DERECHOS HUMANOS EN EUSKADI. Los derechos humanos se pueden entender como la concreción, en la modernidad, de unos parámetros éticos más generales. Estos imperativos concretos de una ética civil tienen una dimensión histórica y se han ampliado en sentido social y colectivo desde la primera Declaración de 1948, por no remontarnos a las revoluciones americana y francesa de fines del siglo XVIII. Así, ahora se habla de derechos de primera, segunda e, incluso, tercera generación. Reconociendo la variedad cultural del planeta, que puede mediar en la aplicación de estos derechos, tienen pretensión de universalidad y de indivisibilidad, a partir de lo humano irreductible presente en toda la especie.

Volvemos a toparnos aquí con problemas concretos en nuestro país. ¿Cómo es posible reclamar el derecho de autodeterminación atentando contra el derecho a la vida? ¿No hay una clara unilateralidad cuando se denuncia la tortura, real y brutal, contra los míos, mientras se calla la tortura que otros infligen? ¿No tortura ETA cuando secuestra y mantiene recluido a alguien en un zulo durante meses o cuando obliga a alguien a vivir atemorizado, mirando cada día los bajos del coche? Se entienden el dolor y el sufrimiento de los familiares de los presos, inútil y cruelmente castigados por la dispersión, ¿pero no resulta difícil apoyar unas movilizaciones que sólo contemplan una cara de la realidad? ¿No falta entre las gentes vascas mucha más compasión, esto es, la capacidad de padecer con, de asumir el sufrimiento del otro, aunque esté muy distante de nosotros y nosotras política e ideológicamente. Y ése no es un problema estrictamente político, sino ético.

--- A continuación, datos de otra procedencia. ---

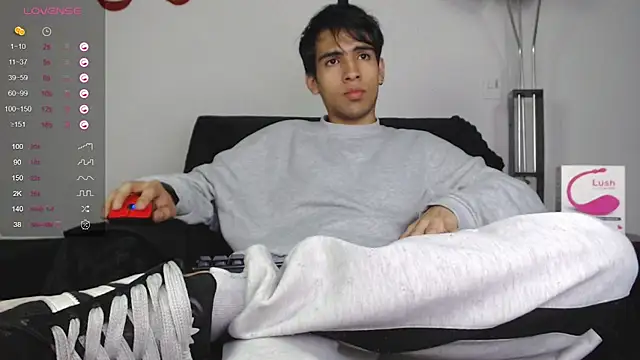 Snapshot of zack_thunder chatting on January 31, 2025, 12:18 pm zack thunder online show from January 31, 2025, 12:18 pm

Para llegar a ese punto, no hay que confiar en una conversión instantánea, como la de Pablo de Tarso tras la caída del caballo. Hay mucho que revisar y contrastar, desde nociones como la guerra justa o la violencia como partera de la historia, tan caras tradicionalmente a la izquierda, la relación entre medios y fines o el valor de la vida misma, por citar tan sólo algunos puntos de distinto alcance y calado. La tarea es urgente y tiene una trascendencia particular aplicada a la juventud, pues es la garantía de construcción de una sociedad basada en valores nuevos, que superen la intransigencia, la unilateralidad y la crueldad actuales. Algunos datos al respecto no permiten excesivo optimismo, por cierto.

Entretanto, las gentes de Zutik estamos obligadas a buscar una vía autónoma y propia también en este terreno ético, claramente diferenciada de un sector mayoritario de la izquierda abertzale sin voluntad, capacidad o posibilidad de liberarse de la tutela armada. En ese camino estoy convencido de que podemos encontrar mucha más empatía y eco de lo que a primera vista pudiera parecer. En caso contrario, las perspectivas de esta sociedad no son nada halagüeñas y, como mucho, nos consolaremos en casa escuchando a Purcell, mientras nos embarga la tristeza crepuscular del lamento de Dido.

Releo lo escrito y veo muchos interrogantes, pocas respuestas y alguna certeza. Es lo que hay por ahora, al menos en mi caso.